Queramos o no, desde que nacemos nos bombardean con mensajes y códigos de lo que es ser hombre o ser mujer en nuestras sociedades latinas. El eje central es la sexualidad.
La sexualidad es el fin de la existencia en la mujer, la maternidad y la procreación, la reproducción de otros seres y la satisfacción de las necesidades eróticas. Ser mujer es ser mamá y amante y ambas son parte de la sexualidad. El cuerpo es algo privilegiado e intenso en la mujer y de ahí que muchas mujeres sean reducidas a su cuerpo físico.
En nuestra cultura latina, los cuerpos de las mujeres se dividen en dos: lo maternal y lo erótico. Como no se acepta mezclar la maternidad con el erotismo, la sexualidad de la mujer está fuertemente dividida.
Esta división no es biológica. No nacemos divididas entre maternas y eróticas. Esta división se aprende en el ámbito social. Nos enseñan a ser así dentro de la familia, la iglesia y la escuela. No es un asunto cultural, más bien es algo social y económico.
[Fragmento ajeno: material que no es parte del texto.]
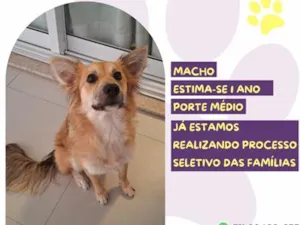 Cachorro raça SRD-ViraLata idade 1 ano nome Bebê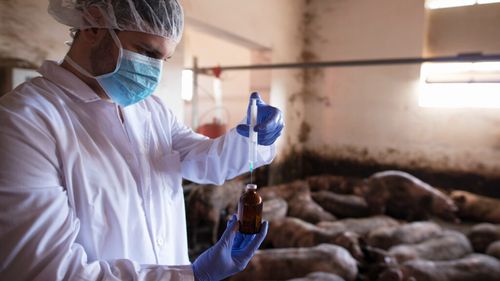 Bacteriile din alimente devin tot mai rezistente la antibiotice în Europa / Terapiile obișnuite își pierd eficiența în fața unor infecții precum cele cu Salmonella și Campylobacter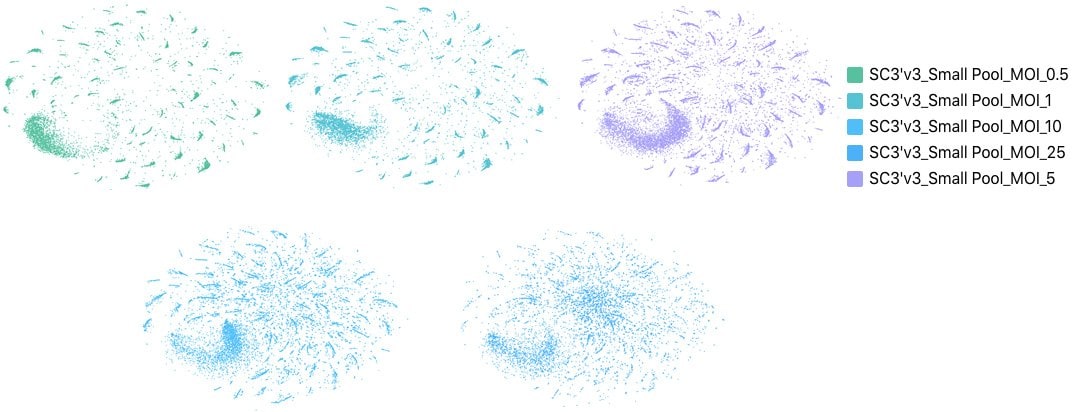 Monitoring multiple viral transductions at single cell resolution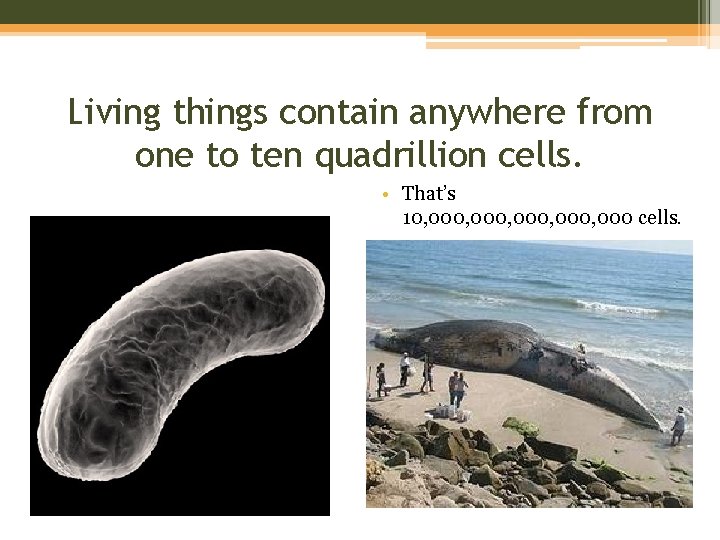 Living things contain anywhere from one to ten quadrillion cells. • That’s 10, 000,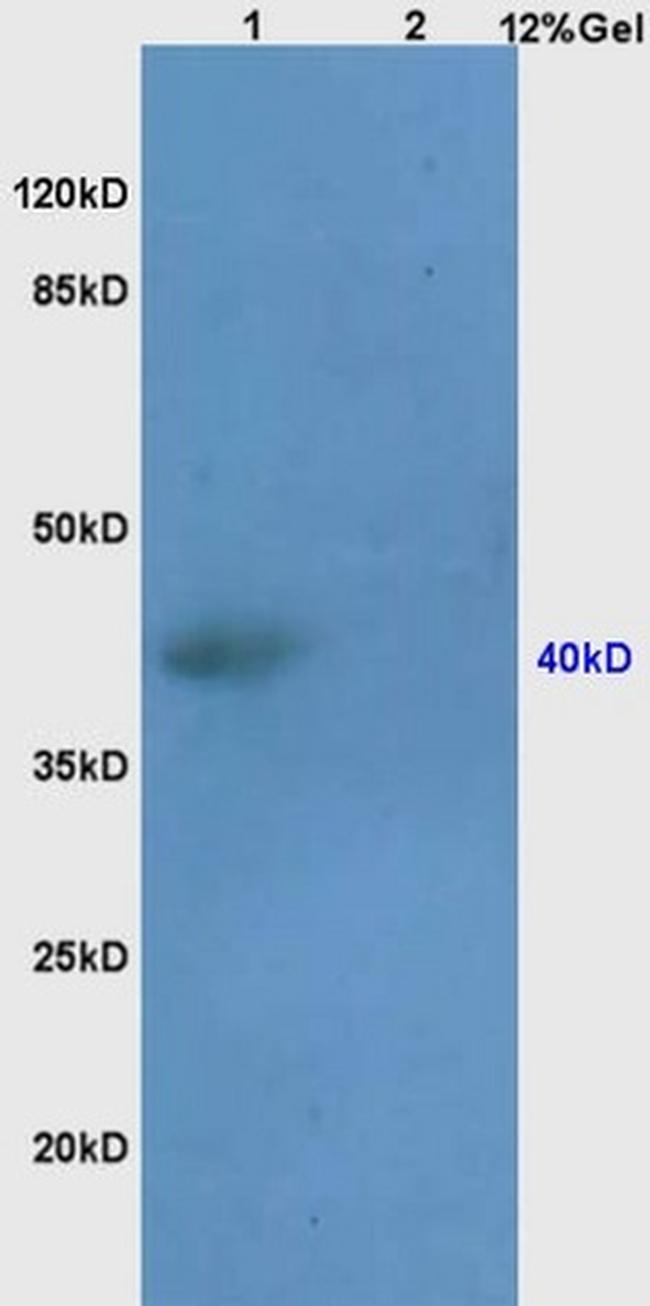 SEPT1 Antibody in Western Blot (WB)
Se quiere limitar la mujer al espacio doméstico, al hogar, los hijos y la cocina. Así, el hombre brilla solo y maneja el mundo económico. Ellos no quieren soltar ese trono. Como dice la canción mejicana pero sigo siendo el rey.
Aprendemos muy temprano en la vida el sistema de género. No podemos ver al mundo sin pensar en hombre o mujer. La primera identidad y conciencia de lo que somos, es el género. Nos asignan ser madres y no se puede concebir una mujer que no sea madre. Se nos dice que es “instintivo” o sea, que nacemos así, el famoso instinto maternal. Pobre de una mujer que decida no casarse o no tener hijos, no la dejan vivir en paz.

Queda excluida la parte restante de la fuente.